I have 2 ideas for how things could work.  

## The implicit form, new bifs like:

      send_event(dest: string, event: any);
      send_event_hashed(dest: string, hash_key: any, event: any);

      send_event("datanode", Scan::scan_attempt(scanner, attempt));
      send_event_hashed("datanode", scanner, Scan::scan_attempt(scanner, attempt));

## A super magic awesome implicit form

    global scan_attempt: event(scanner: addr, attempt: Attempt)
        &partition_via=func(scanner: addr, attempt: Attempt) { return scanner; } ;

The implicit form fits better with how bro currently works, but I think the explicit form would ultimately make cluster aware scripts simpler.

The difference hinges on the difference between the implicit and explicit communication.

Currently all bro cluster communication is implicit:

* You send logs to the logger/manager node by calling Log::write
* You send notices to the manager by calling NOTICE
* You can share data between nodes by marking a container as &synchronized.
* You can send data to the manager by redef'ing Cluster::worker2manager_events

The last two are what we need to replace/extend.
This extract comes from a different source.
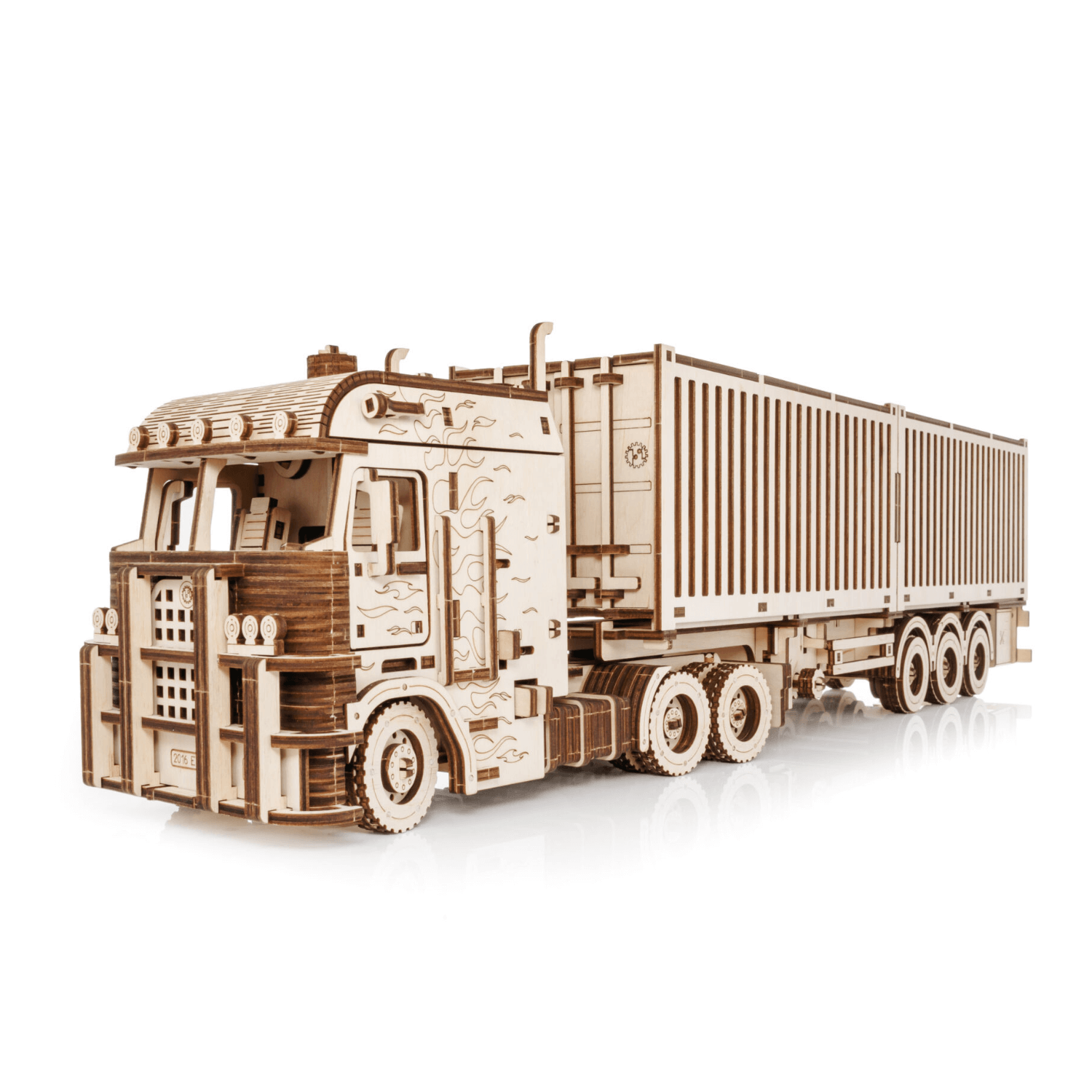 ROAD KING | LKW | Aufleger-Mechanisches Holzpuzzle-Eco-Wood-Art--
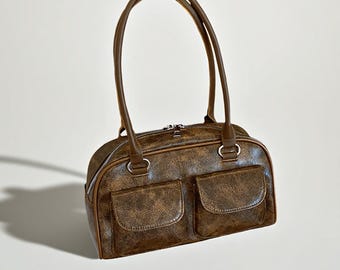 Vintage PU Leather Shoulder Bag for Women – Retro Style Double Pocket Handbag, Lightweight Daily Tote, Casual Brown or Black Purse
As an example, in my scan.bro I want to send scan attempts up to the manager for correlation, so this means:

    # define event
    global scan_attempt: event(scanner: addr, attempt: Attempt);

    # route it to the manager
    redef Cluster::worker2manager_events += /Scan::scan_attempt/;

    # only handle it on the manager
    @if ( Cluster::local_node_type() == Cluster::MANAGER )
    event Scan::scan_attempt(scanner: addr, attempt: Attempt)
        {
        add_scan_attempt(scanner, attempt);
        }
    @endif

and then later in the worker code, finally

    # raise the event to send it down to the manager.
    event Scan::scan_attempt(scanner, attempt);

If bro communication was more explicit, the script would just be

    # define event and handle on all nodes
    global scan_attempt: event(scanner: addr, attempt: Attempt);
    event Scan::scan_attempt(scanner: addr, attempt: Attempt)
        {
        add_scan_attempt(scanner, attempt);
        }

    # send the event directly to the manager node
    send_event("manager", Scan::scan_attempt(scanner, attempt));

Things like scan detection and known hosts/services tracking are easily partitioned, so if you had two datanodes for analysis:

    if (hash(scanner) % 2 == 0)
      send_event("datanode-0", Scan::scan_attempt(scanner, attempt));
    else
      send_event("datanode-1", Scan::scan_attempt(scanner, attempt));

Which would be wrapped in a function:

      send_event_hashed("datanode", scanner, Scan::scan_attempt(scanner, attempt));

that would handle knowing how many active nodes there are and doing proper consistent hashing/failover, something like this:

    function send_event_hashed(dest: string, hash_key: any, event: any) {
        data_nodes = |Cluster::active_nodes[dest]|; # or whatever
        node = hash(hash_key) % data_nodes;
        node_name = Cluster::active_nodes[node]$name;
        send_event(node_name, event);
    }

-- 
- Justin Azoff